Stored data.
****
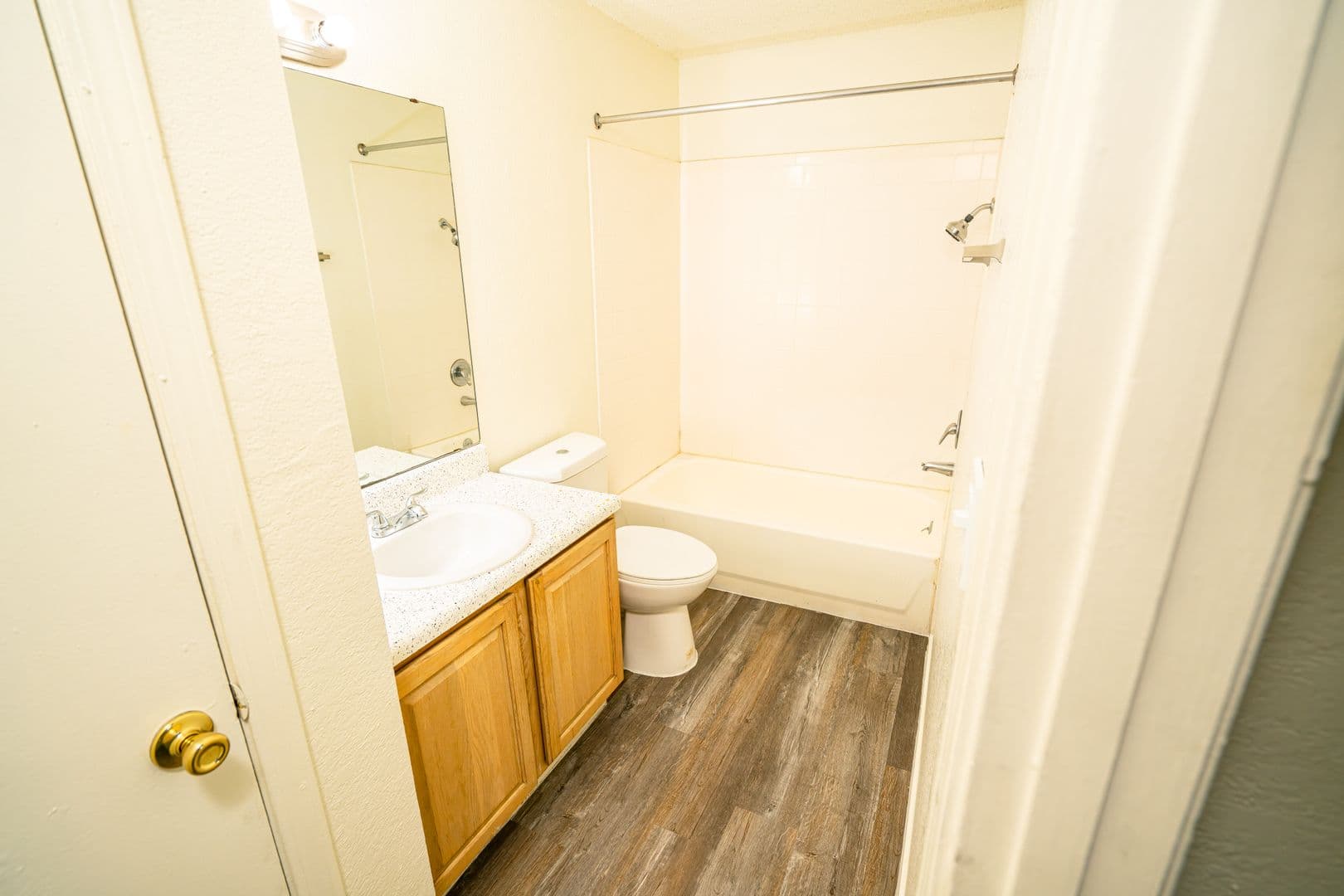Tulsa Apartment: 1110 E. 60th St.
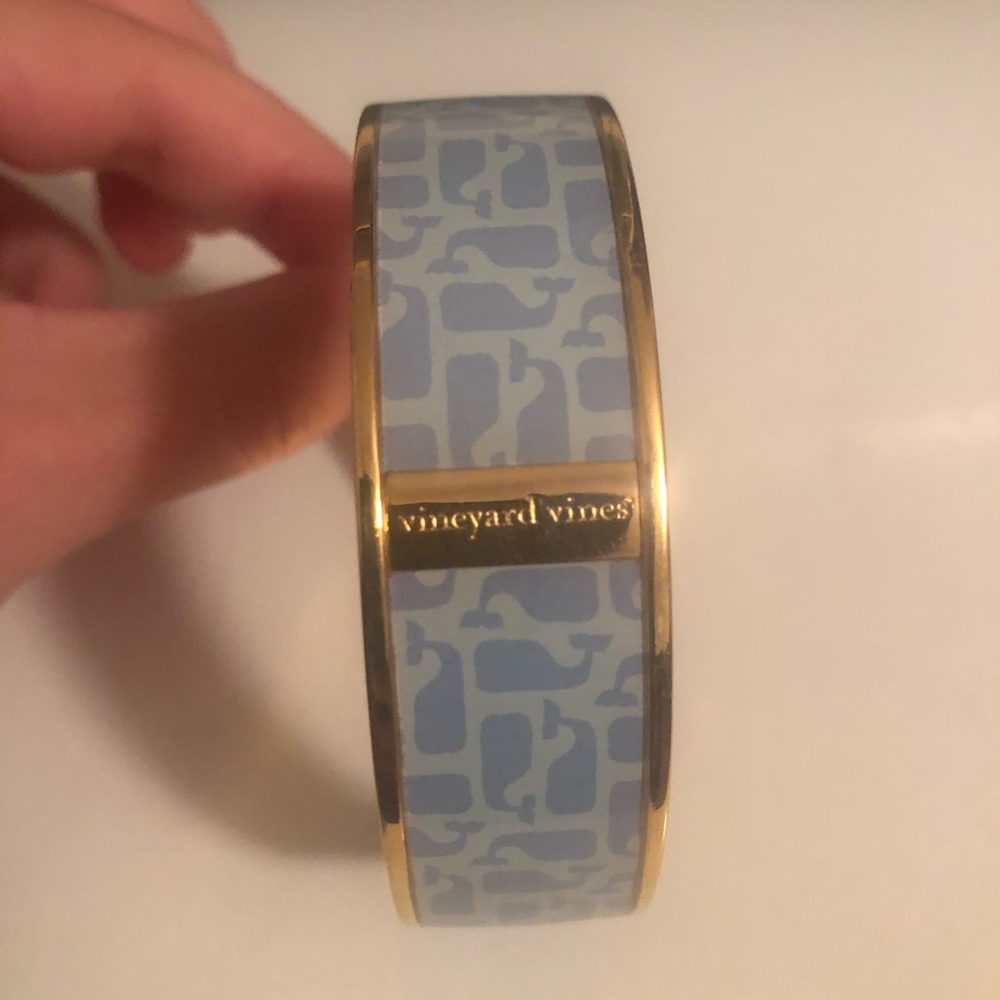 Vineyard Vines Whale Bracelet in Blue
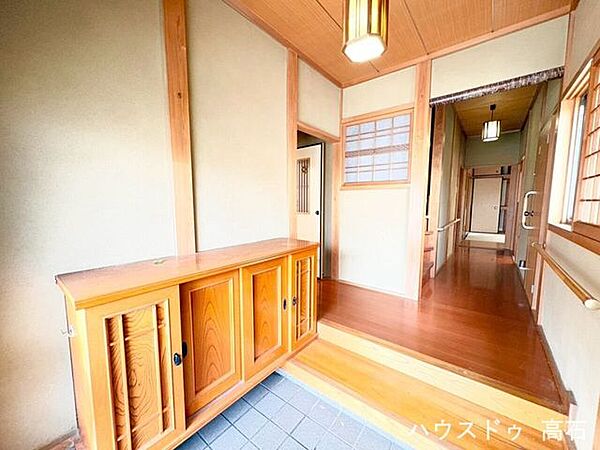 手すり完備で安心！ご年配の方や小さなお子様の出入りもスムーズです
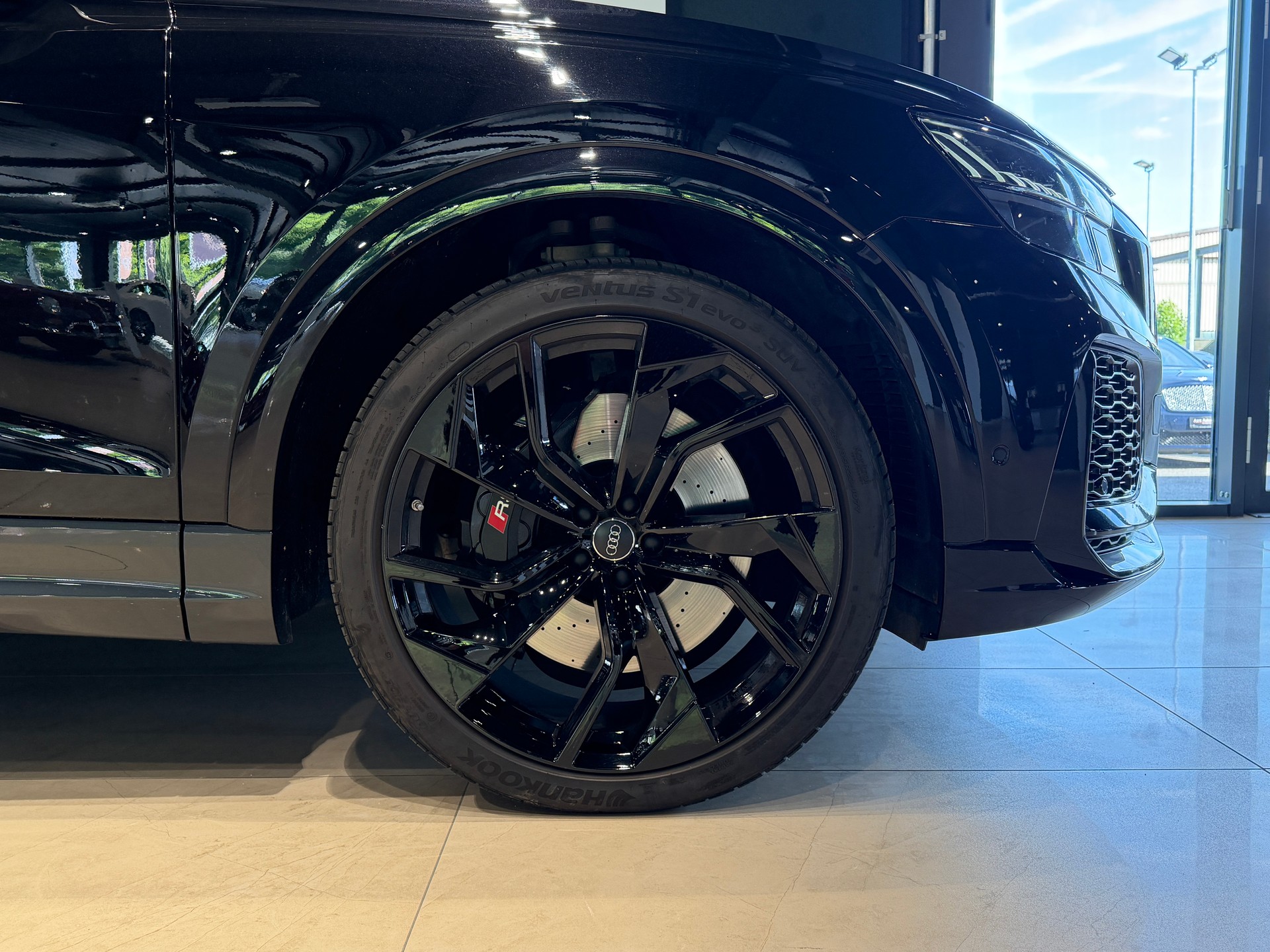 AUDI RSQ8 quattro tiptronic-image-4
****
Task instructions. The full listing, reproduced exactly and without pictures, is the expected output.

Worked solution.
Tulsa Apartment: 1110 E. 60th St.
 Vineyard Vines Whale Bracelet in Blue
 手すり完備で安心！ご年配の方や小さなお子様の出入りもスムーズです
 AUDI RSQ8 quattro tiptronic-image-4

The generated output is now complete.